Using HISTID for a longitudinal study

Hello! I am a student at Vanderbilt University attempting to conduct a longitudinal study of the social mobility of African Americans as a result of WPA expenditure by county. I currently am trying to clean data in R using 1940 and 1950 census data, and I see that every row has a unique HISTID in the single sample with both decades of data. Am I doing something wrong? I thought that there should be many repeat HISTID between 1940 and 1950, in order to conduct this longitudinal study, but I am currently seeing there are 0 repetitions of HISTID’s implying there are no people in the 1940 census data that were repeated in the 1950 census, which doesn’t make sense. Also, you cannot link any datasets to the 1950 census it seems. Any advice?

Hi Evan,

HISTID does not identify the same individual across decennial census samples; it identifies the same record across different release versions of the IPUMS historical full count data. New versions of the full count data may change values for some variables (e.g., occupation) or even eliminate records (e.g., we may combine households or drop what appears to be a duplicate record); HISTID allows researchers who have downloaded the full count data to track how the individual records have changed after a new version is released. I think what you’re looking for is the Historical Identification Key (HIK), which links the HISTIDs of people identified using the IPUMS Multigenerational Longitudinal Panel (MLP) algorithm across the full count decennial files.

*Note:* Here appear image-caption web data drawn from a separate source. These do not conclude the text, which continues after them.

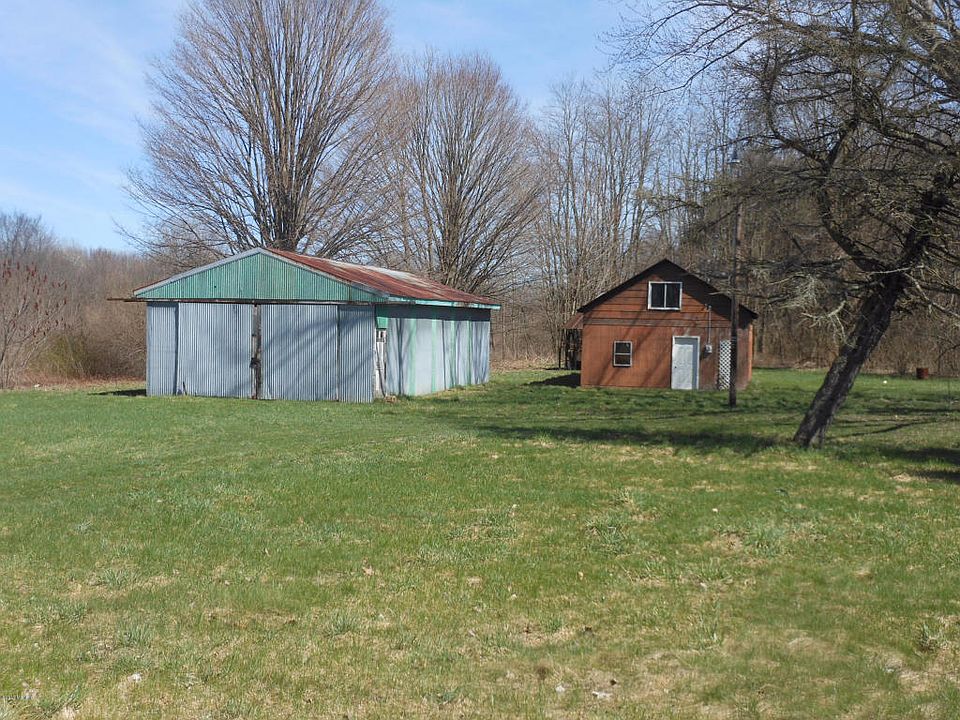 2nd image of 10767 Range Line Rd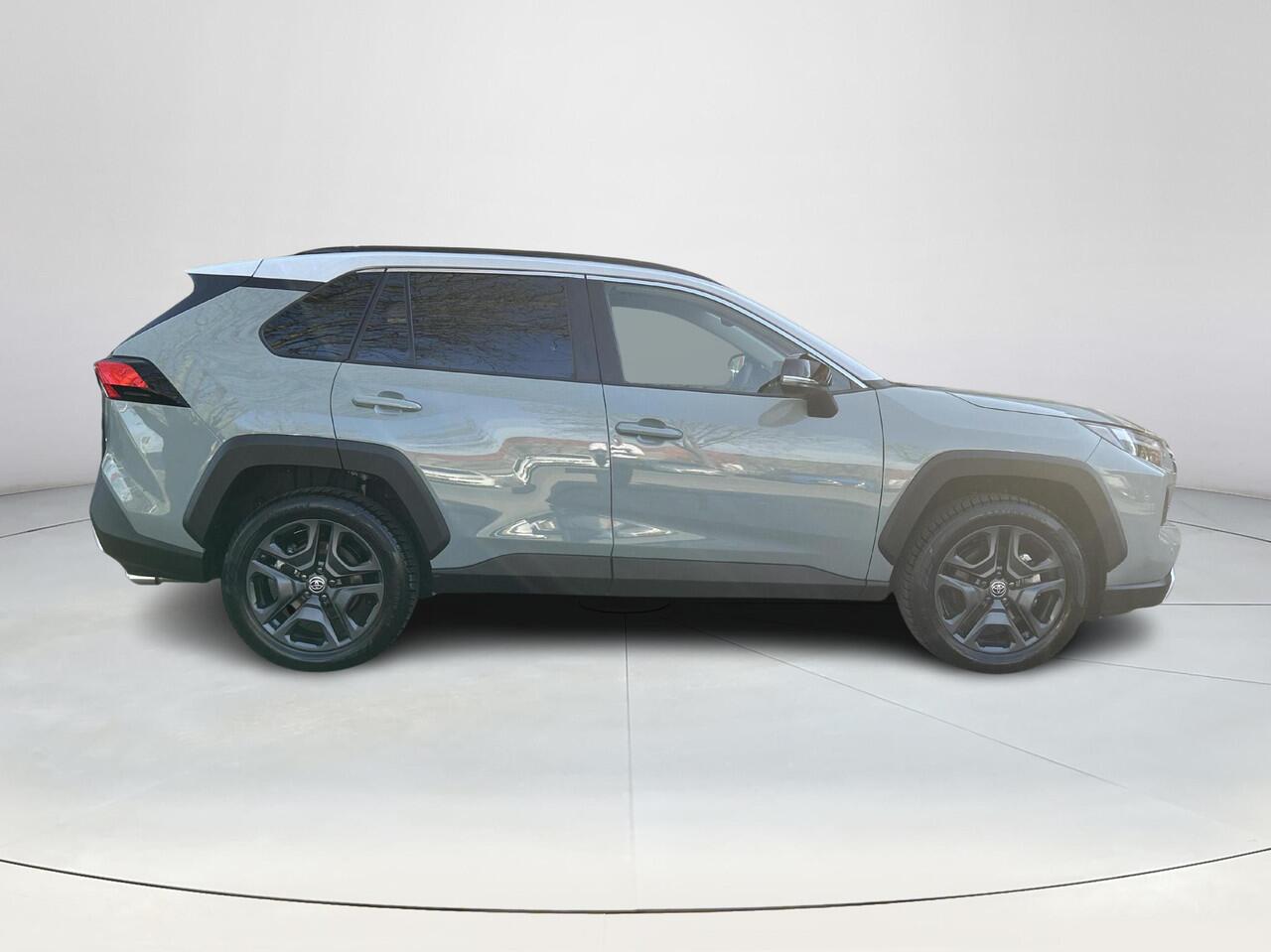 Toyota RAV4 2.5 Hybrid AWD ADVENTURE GERESERVEERD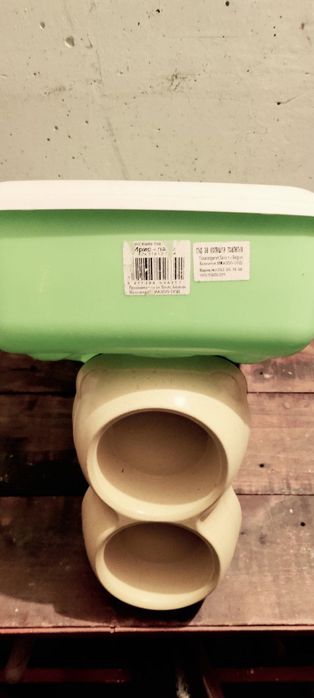 Съд за котешка тоалетна и купичка за храна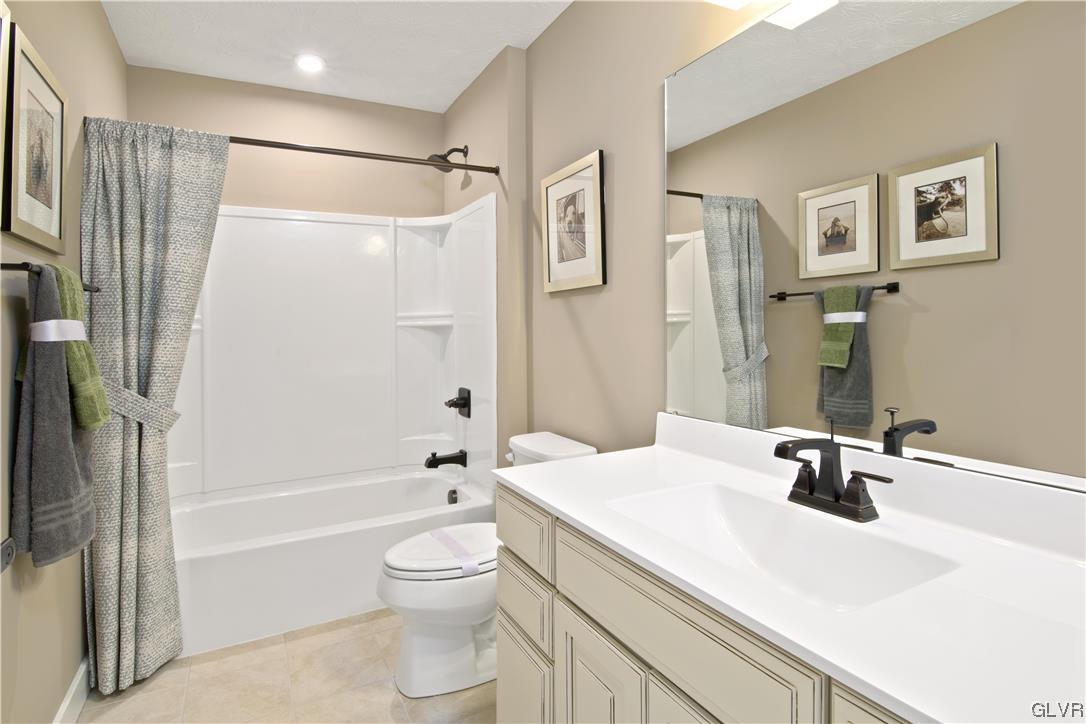 1282 Pine Valley Lane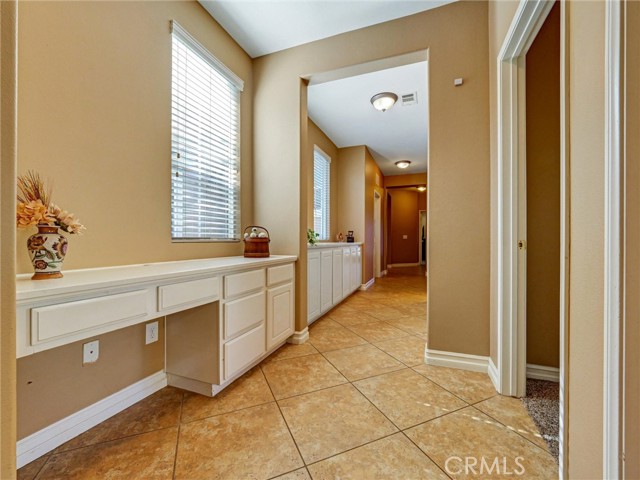 Detail Gallery Image 27 of 59 For 9737 Espada Creek, Moreno Valley,  CA 92557 - 4 Beds | 3 Baths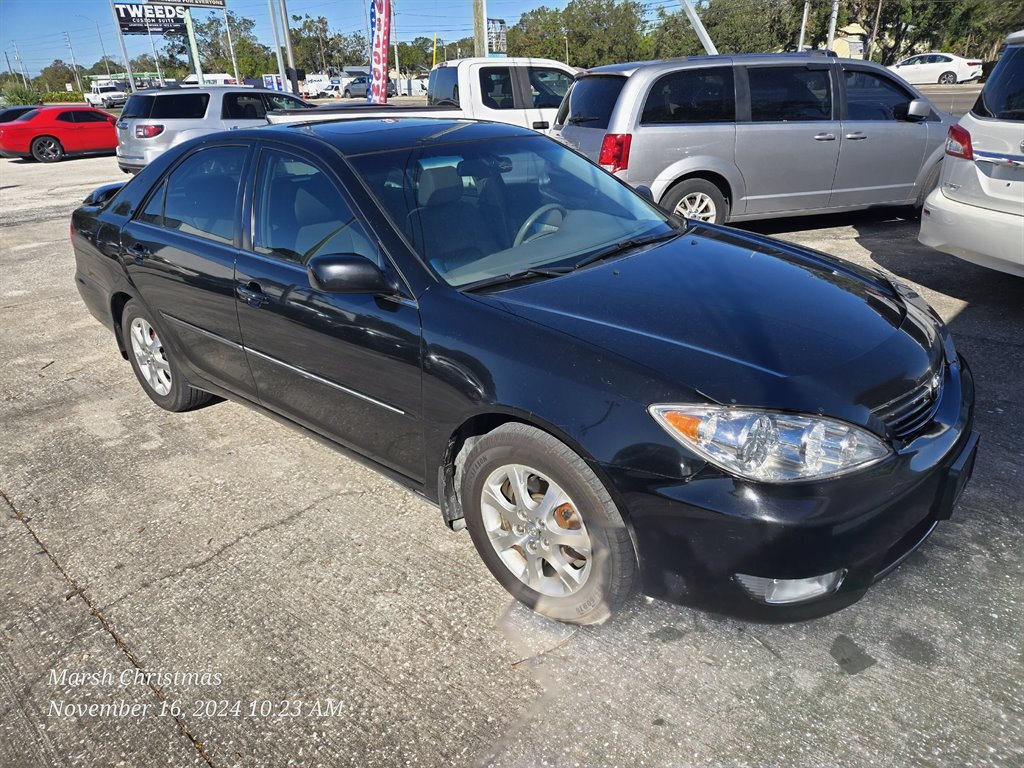 2005 Toyota Camry XLE photo 3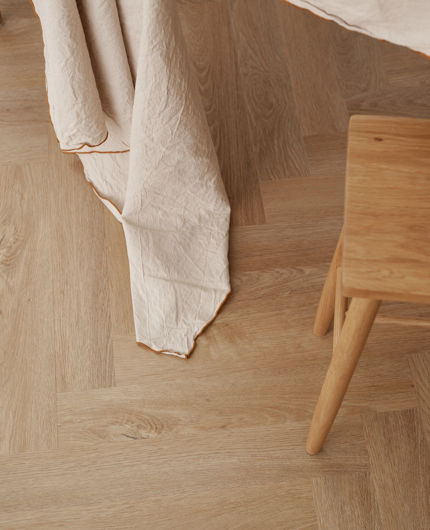 Få det perfekte sildebensgulv med 5G kliksystem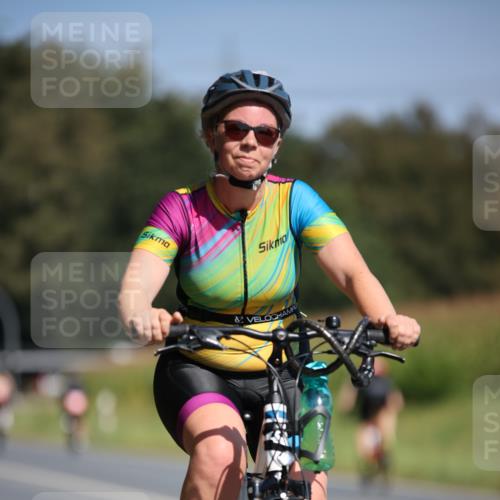 01.09.2024 - 17. Tribühne Triathlon H.Heesch http://msf.ph/oto/6946820 01.09.2024 11:54:14 Radfahren 475, 508, 527, 556, 611, 621, 691 meine-sportfotos.de
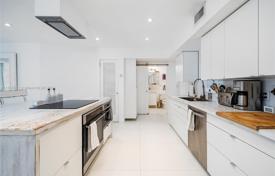 6 dormitorio casa de pueblo 339 m² en Miami, Estados Unidos. $2 290 000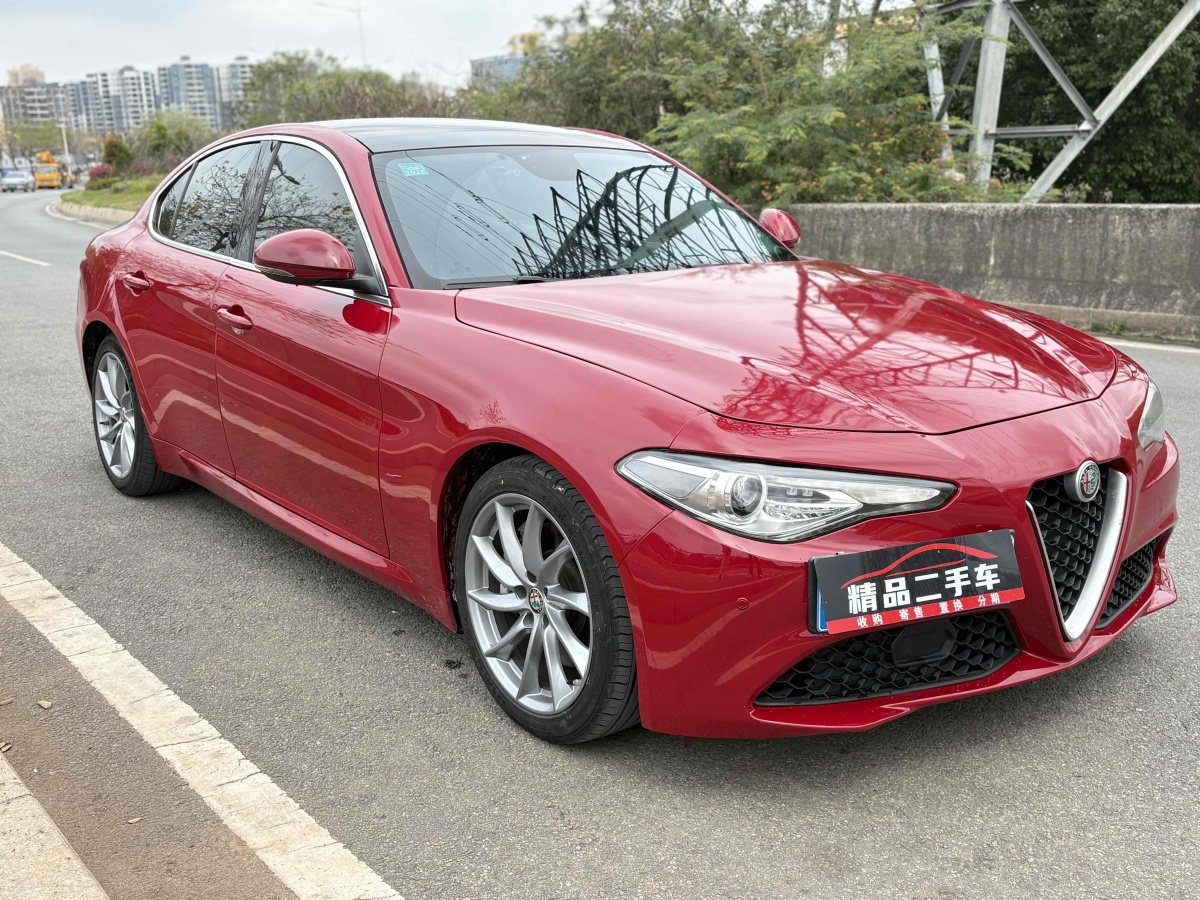 2017年7月阿爾法·羅密歐 Giulia  2017款 2.0T 280HP 豪華版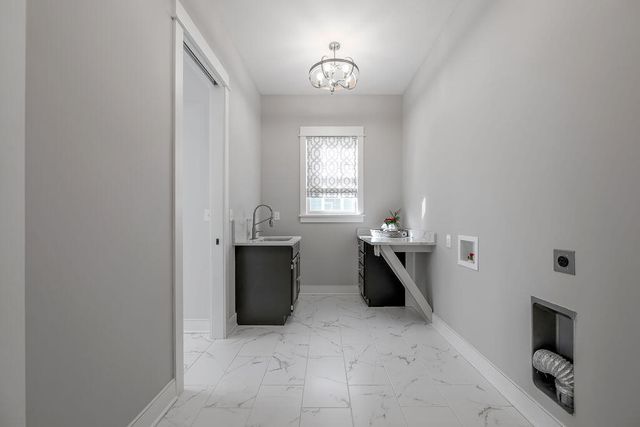 1905 General Warfield Way, Lexington, KY 40505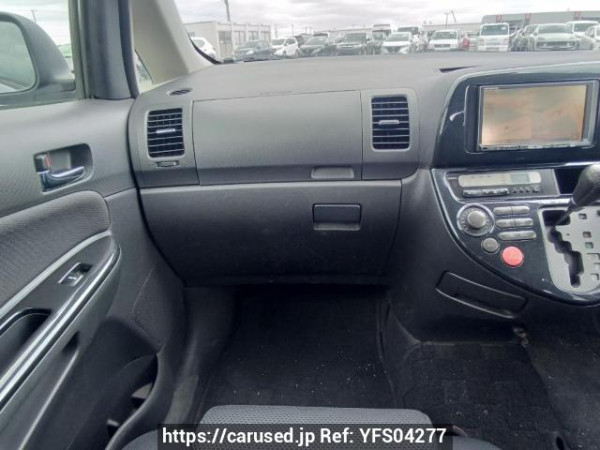 Used 2003 AT toyota wish ZNE10G Image[18]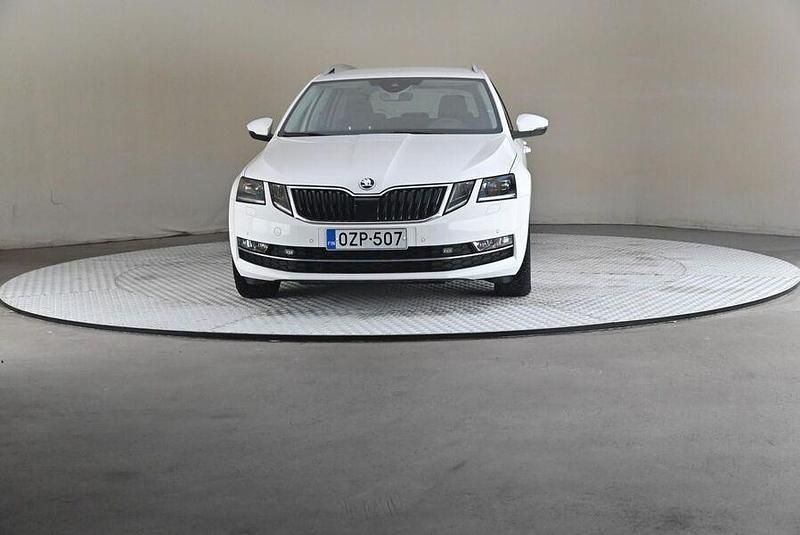 Käytetty Skoda Octavia G-TEC Business Line 131 HP (96 kW) 2020 Farmari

There are currently two methods provided for using the IPUMS Multigenerational Longitudinal Panel (MLP) to link people across different decennial censuses. The first utilizes the link census data option when adding full count samples to your data cart. This option generates a long data file where each person has an observation in each census sample, filtered to people who are linkable using our algorithm. HIK is automatically added to these extract types. However, this method currently does not allow for linking to the 1950 full count (we hope to update the data access system to include these links sometime in 2025).

The second method is to use our linking crosswalks, which match HISTID values for each person across the full count decennial samples. This is currently the only way to link individuals in the 1950 census and includes the latest version of IPUMS MLP links. It sounds like you have already downloaded the 1940 and 1950 full counts separately; the next step is to download the 1940-1950 10-year crosswalk and use it to merge records between the two data files (see the user guide for sample code). Hope this helps clarify the data!